_BRIEF_: Beginning with the line in which "Mertensia maritima" appears, transcribe each line word for word until the records end. Do not include pictures.

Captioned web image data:
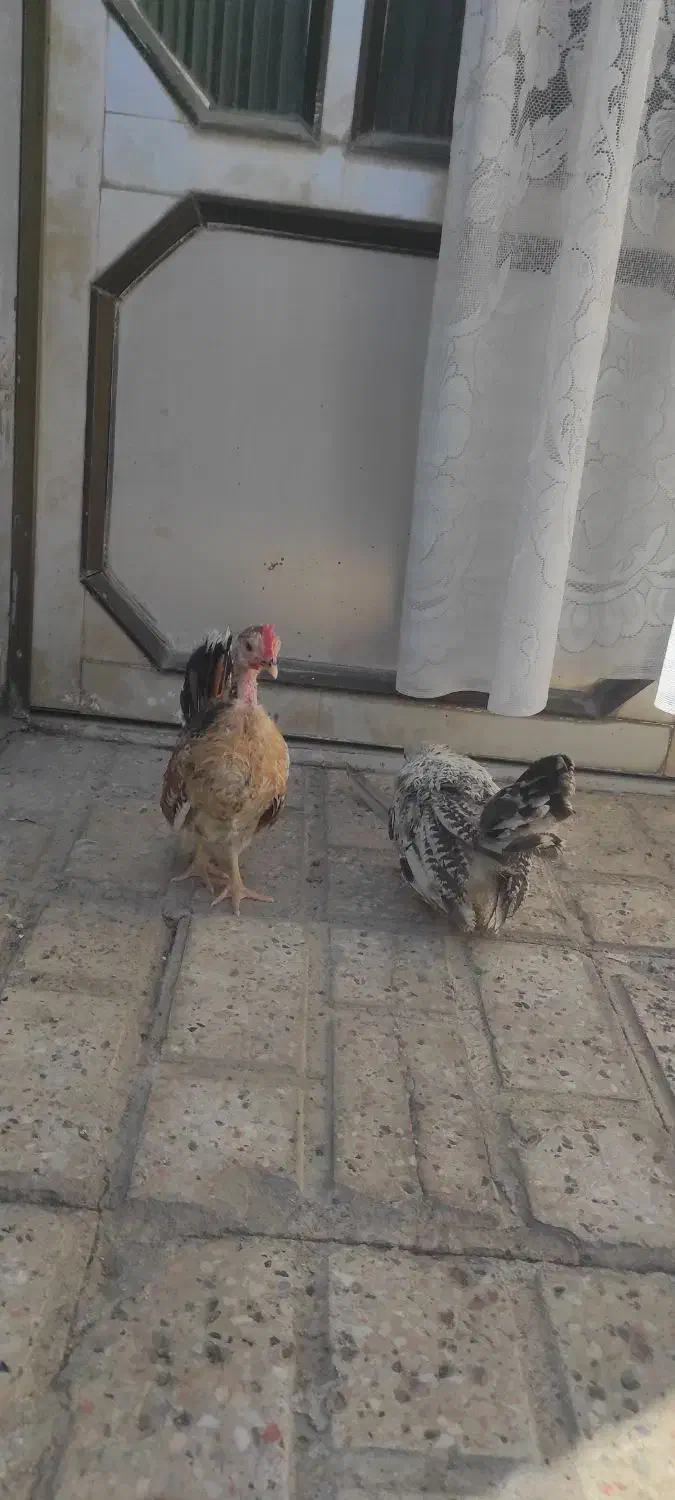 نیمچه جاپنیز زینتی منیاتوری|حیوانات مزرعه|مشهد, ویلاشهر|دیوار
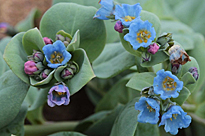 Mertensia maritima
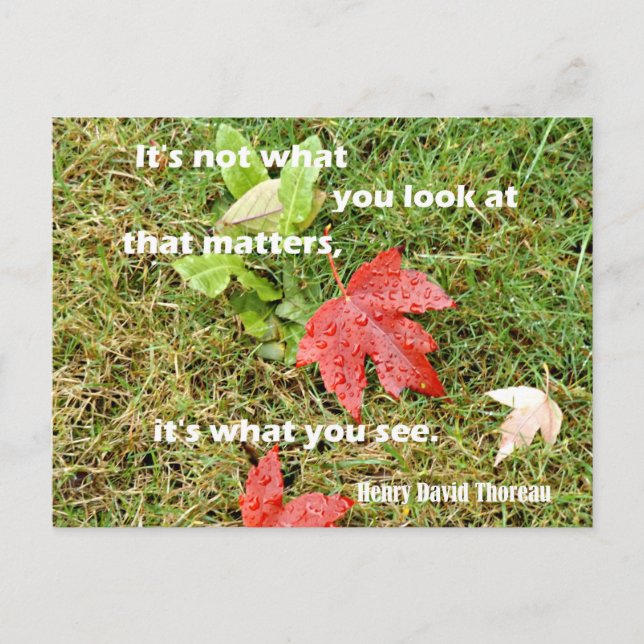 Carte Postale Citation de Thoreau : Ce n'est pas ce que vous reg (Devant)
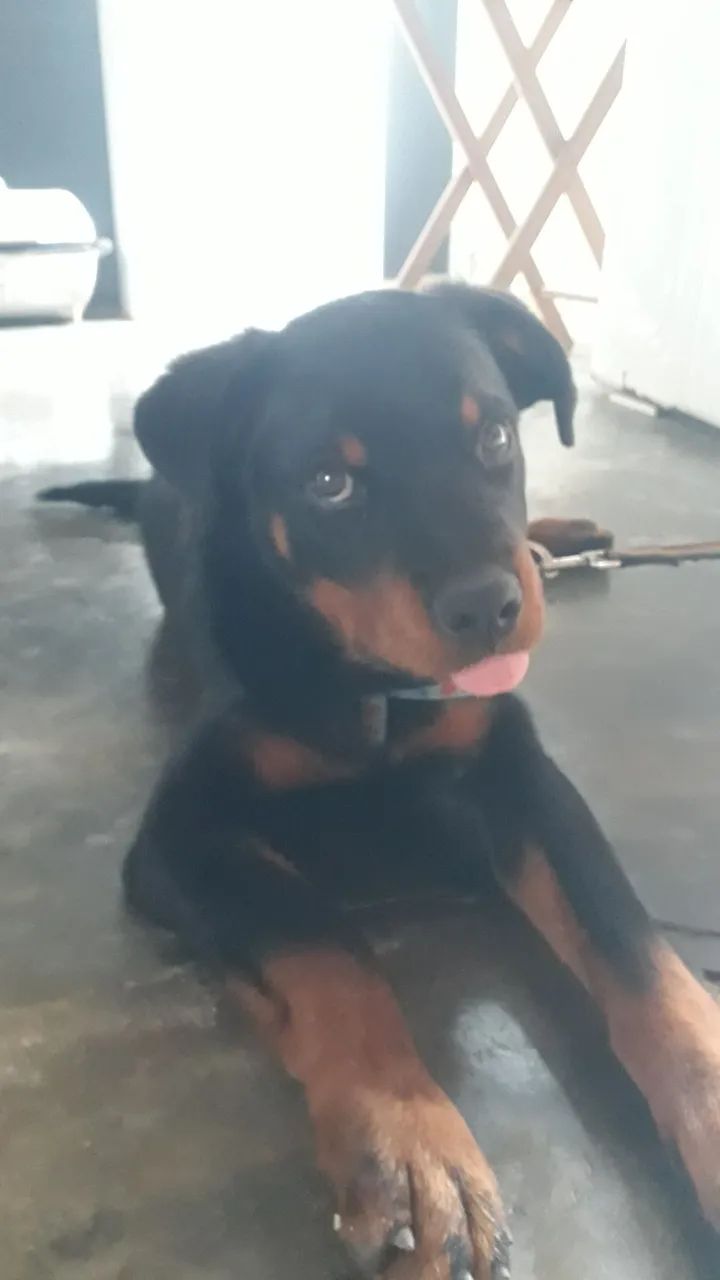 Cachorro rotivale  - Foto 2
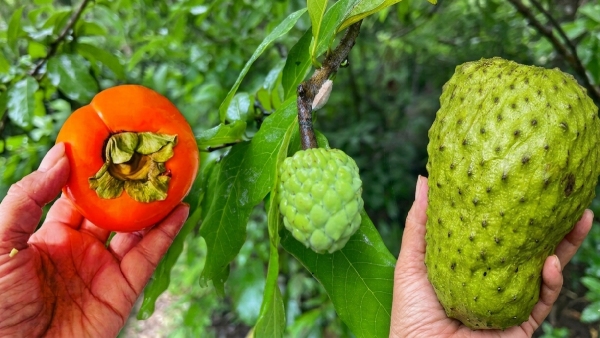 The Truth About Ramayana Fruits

_OUTPUT OF THE EXERCISE_:
 Mertensia maritima
 Carte Postale Citation de Thoreau : Ce n'est pas ce que vous reg (Devant)
 Cachorro rotivale  - Foto 2
 The Truth About Ramayana Fruits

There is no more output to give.